We are still at liberty to choose to eat meat – and ‘junk food’ – but for how long? Will we have to return to rationing? In the days of rationing in the 1940s, people ate meat but far less than we do now. Providing for the desires of present day carnivores, as well as an increasing number coming from traditionally more vegetarian cultures, like China or India, we do not have the amount of land both to support cattle and to grow all the grain for their foodstuffs; more grain than is needed by the human population. The need for land is being ’solved’ by the destruction of rain forests with the loss of animal species and the alteration of climate by the lack of trees and their part in the rain and water cycle. A socially conscious person ought to consider their diet and change for the well being of the planet, but, personally, I don’t think I can do this overnight. I have meat eating friends and family who will be annoyed or certainly inconvenienced; and I don’t think I could give up bacon. It’s so useful!

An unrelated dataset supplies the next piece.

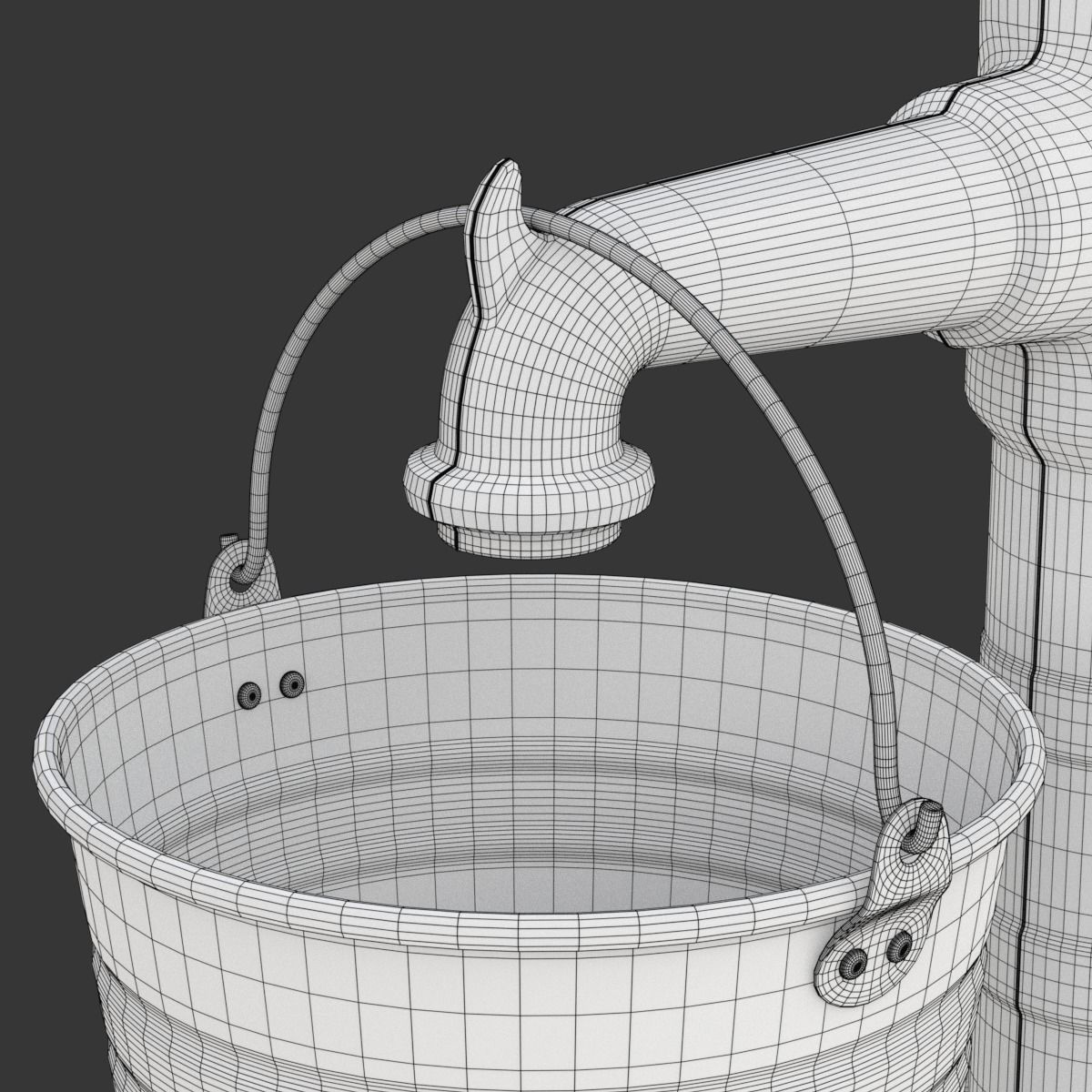 Vintage Water Hand Pump With Bucket 3D model_32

It is days like this event in Derby that make me aware of how far and how easily I slip from LOAF virtues, never mind going wholly veggie; LOAF principles (Founded by Green Christian) are easier and probably a good way to start. Locally grown food, Organically grown – no pesticides, no GM. Animal friendly.- if we must eat meat, buy it from approved meat providers, local if possible, animals properly housed and fed and humanely slaughtered. And Fairly traded. We can do more in growing our own fruit and vegetables; that’s the L and O bit. In practice what is fairly traded may not be local, what is organic may not be fairly traded and all these together will mean a higher food bill. A hard standard to keep up when providers of LOAF food are not that handy and one lives nearer to chain supermarkets with their end of line bargains and special offers. But the LOAF principles keep us aware of what we are buying, , how it is sourced, what protein are we really eating and who or what is being exploited to feed us.
Useful letters to stick on the fridge door. L O A F. And possibly V.